[[ DATA, beginning ]]
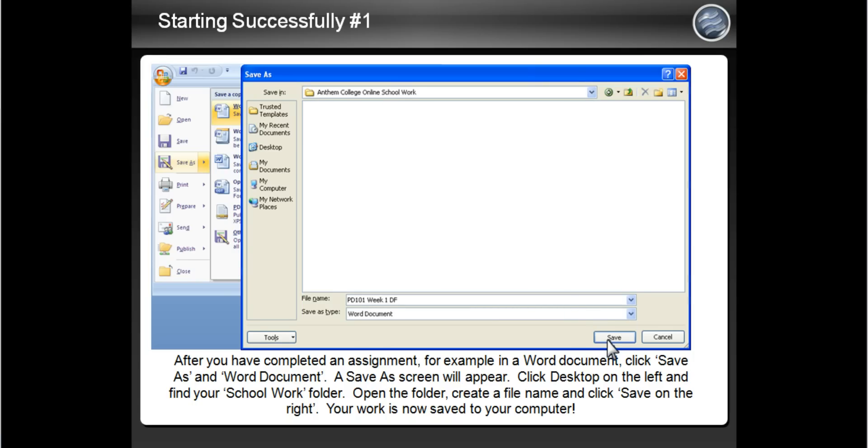And now you have a folder for Schoolwork and are ready to get started. Please view Starting Successfully Session 2 for additional instructions on completing your discussion forums.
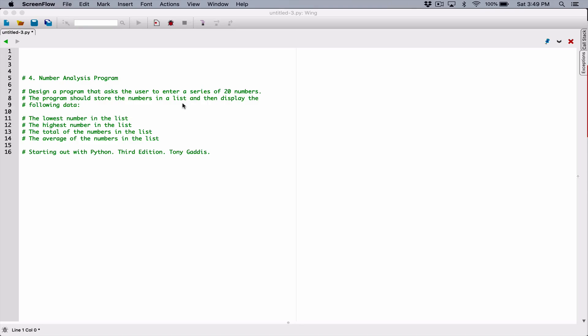Hello everyone. So the next program in Chapter 7 is the Number Analysis Program. Design a program that asks the user to enter a series of 20 numbers. The program should store the numbers in a list and then display the following data: the lowest number in the list, the highest number in the list, the total of the numbers in the list, and the average of the numbers in the list.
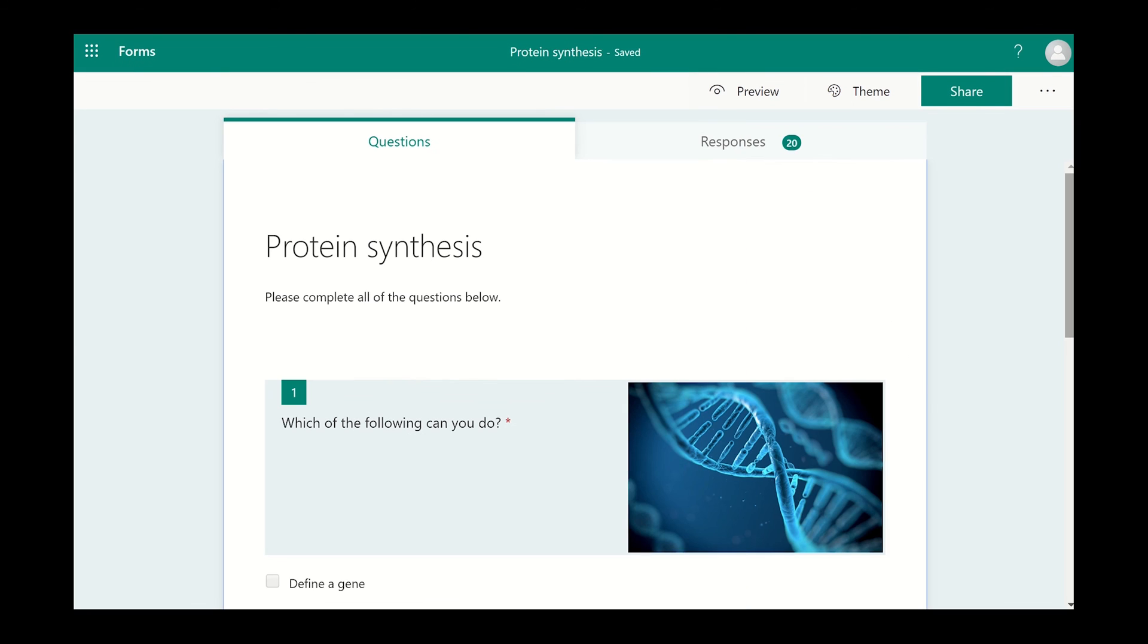How do you analyze the results? To see the results of the survey, click on the responses tab.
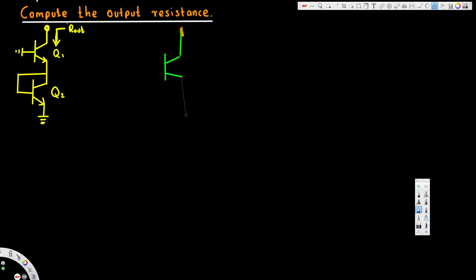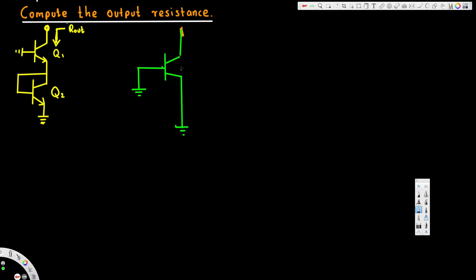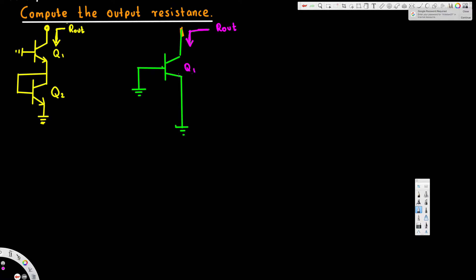So it's going to look like this. This one connected to the ground, and here we have output resistance R_out and here Q1. And here we will have a resistance—the equivalent model is replaced with the resistance.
[[ DATA, end ]]
Would you return the data exactly as written, without the pictures?

> **RESPONSE AREA**
And now you have a folder for Schoolwork and are ready to get started. Please view Starting Successfully Session 2 for additional instructions on completing your discussion forums.
Hello everyone. So the next program in Chapter 7 is the Number Analysis Program. Design a program that asks the user to enter a series of 20 numbers. The program should store the numbers in a list and then display the following data: the lowest number in the list, the highest number in the list, the total of the numbers in the list, and the average of the numbers in the list.
How do you analyze the results? To see the results of the survey, click on the responses tab.
So it's going to look like this. This one connected to the ground, and here we have output resistance R_out and here Q1. And here we will have a resistance—the equivalent model is replaced with the resistance.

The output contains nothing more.